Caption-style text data
━━━━━━━━

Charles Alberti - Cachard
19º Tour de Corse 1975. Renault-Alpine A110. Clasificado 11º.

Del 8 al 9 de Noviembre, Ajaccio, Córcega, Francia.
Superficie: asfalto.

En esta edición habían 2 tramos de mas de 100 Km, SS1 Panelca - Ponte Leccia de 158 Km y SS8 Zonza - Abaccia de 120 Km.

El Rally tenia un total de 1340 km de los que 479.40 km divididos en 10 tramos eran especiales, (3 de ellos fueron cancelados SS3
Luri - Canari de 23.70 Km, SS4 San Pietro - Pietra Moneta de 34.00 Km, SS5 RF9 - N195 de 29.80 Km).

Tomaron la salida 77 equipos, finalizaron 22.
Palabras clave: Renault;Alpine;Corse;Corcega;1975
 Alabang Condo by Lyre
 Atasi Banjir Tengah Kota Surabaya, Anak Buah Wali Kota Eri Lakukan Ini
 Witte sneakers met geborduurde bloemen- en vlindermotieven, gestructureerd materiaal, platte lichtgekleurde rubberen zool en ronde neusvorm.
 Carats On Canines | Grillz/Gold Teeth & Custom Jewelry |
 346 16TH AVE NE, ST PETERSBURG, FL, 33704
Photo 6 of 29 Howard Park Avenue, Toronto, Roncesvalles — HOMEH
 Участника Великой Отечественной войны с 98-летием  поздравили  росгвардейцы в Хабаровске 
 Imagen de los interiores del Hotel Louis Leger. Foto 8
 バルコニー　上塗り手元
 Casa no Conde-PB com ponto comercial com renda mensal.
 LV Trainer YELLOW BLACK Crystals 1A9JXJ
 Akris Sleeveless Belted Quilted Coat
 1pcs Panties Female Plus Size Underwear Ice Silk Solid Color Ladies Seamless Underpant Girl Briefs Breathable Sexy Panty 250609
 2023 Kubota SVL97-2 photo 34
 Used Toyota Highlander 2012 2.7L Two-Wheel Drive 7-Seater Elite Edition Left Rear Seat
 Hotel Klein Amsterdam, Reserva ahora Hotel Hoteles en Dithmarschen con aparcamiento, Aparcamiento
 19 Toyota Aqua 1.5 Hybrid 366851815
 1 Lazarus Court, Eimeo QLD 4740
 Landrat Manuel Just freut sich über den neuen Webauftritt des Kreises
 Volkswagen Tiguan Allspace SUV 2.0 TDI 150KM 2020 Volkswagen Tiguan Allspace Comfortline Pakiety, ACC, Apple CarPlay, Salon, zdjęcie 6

━━━━━━━━

WORK REQUEST: Each line above with the string "tramos" should be reported in full.

RESULT FOR THIS TASK:
En esta edición habían 2 tramos de mas de 100 Km, SS1 Panelca - Ponte Leccia de 158 Km y SS8 Zonza - Abaccia de 120 Km.
El Rally tenia un total de 1340 km de los que 479.40 km divididos en 10 tramos eran especiales, (3 de ellos fueron cancelados SS3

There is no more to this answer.